-- Opening Marker --

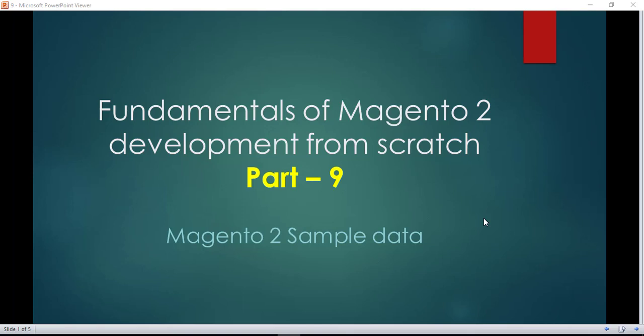Hello guys, it's Haroon here. Today we are going to discuss Part 9 of Fundamentals of Magento 2 Development from Scratch. Our topic will be Magento 2 sample data. We will discuss what is sample data, what are the benefits of sample data, and how we can install sample data which is provided by Magento 2.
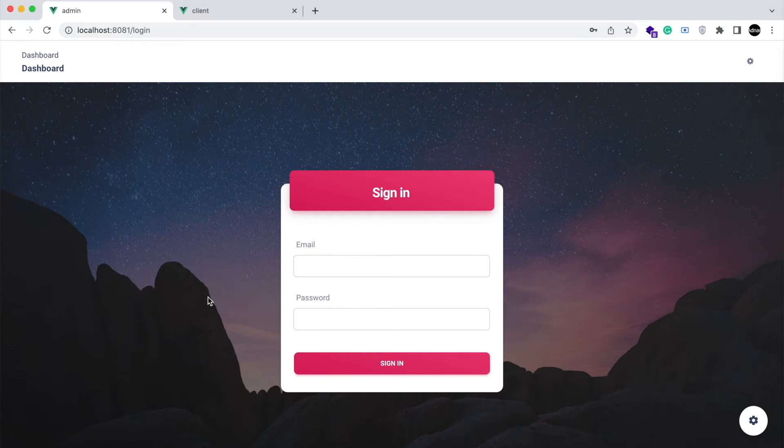Hello! In this video, we will be showing you a demo of a single-page e-commerce website developed in MEVN stack.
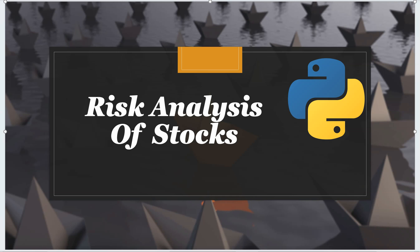Hello everyone, in this video I will talk about how we can perform risk analysis of publicly listed stocks using Python.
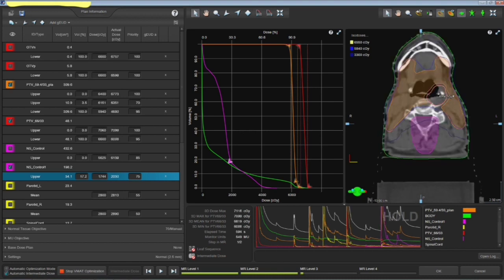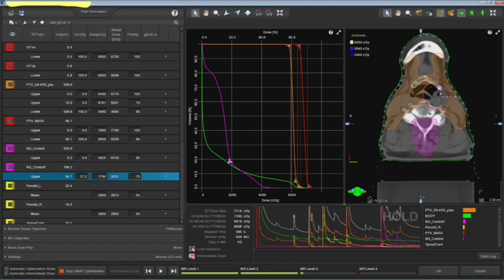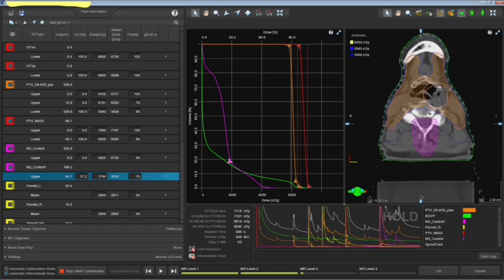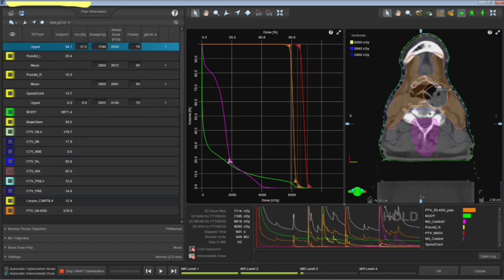And mandible dose is also very important, but as far as now 66 is not going to the mandible if I guess. I think it's only 59.4.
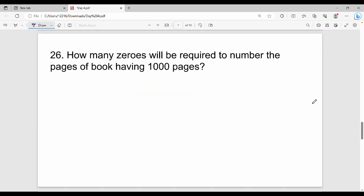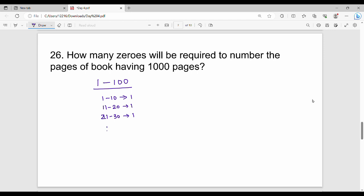Next question: how many zeros are required to number the pages of a book having 1000 pages? This is a logical question. Let's count zeros range by range. From 1 to 10, there is 1 zero (just the number 10). From 11 to 20, there is again 1 zero (just 20). From 21 to 30 there is 1 zero, and so on in each group of ten. From 91 to 100, there are 2 zeros (100 has two zeros).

-- Closing Marker --

* **THE TASK**: Please write out the lines above exactly, from the one that contains "And mandible dose" through the final line, and include none of the pictures.

* **SOLUTION TO THIS PROBLEM**:
And mandible dose is also very important, but as far as now 66 is not going to the mandible if I guess. I think it's only 59.4.
Next question: how many zeros are required to number the pages of a book having 1000 pages? This is a logical question. Let's count zeros range by range. From 1 to 10, there is 1 zero (just the number 10). From 11 to 20, there is again 1 zero (just 20). From 21 to 30 there is 1 zero, and so on in each group of ten. From 91 to 100, there are 2 zeros (100 has two zeros).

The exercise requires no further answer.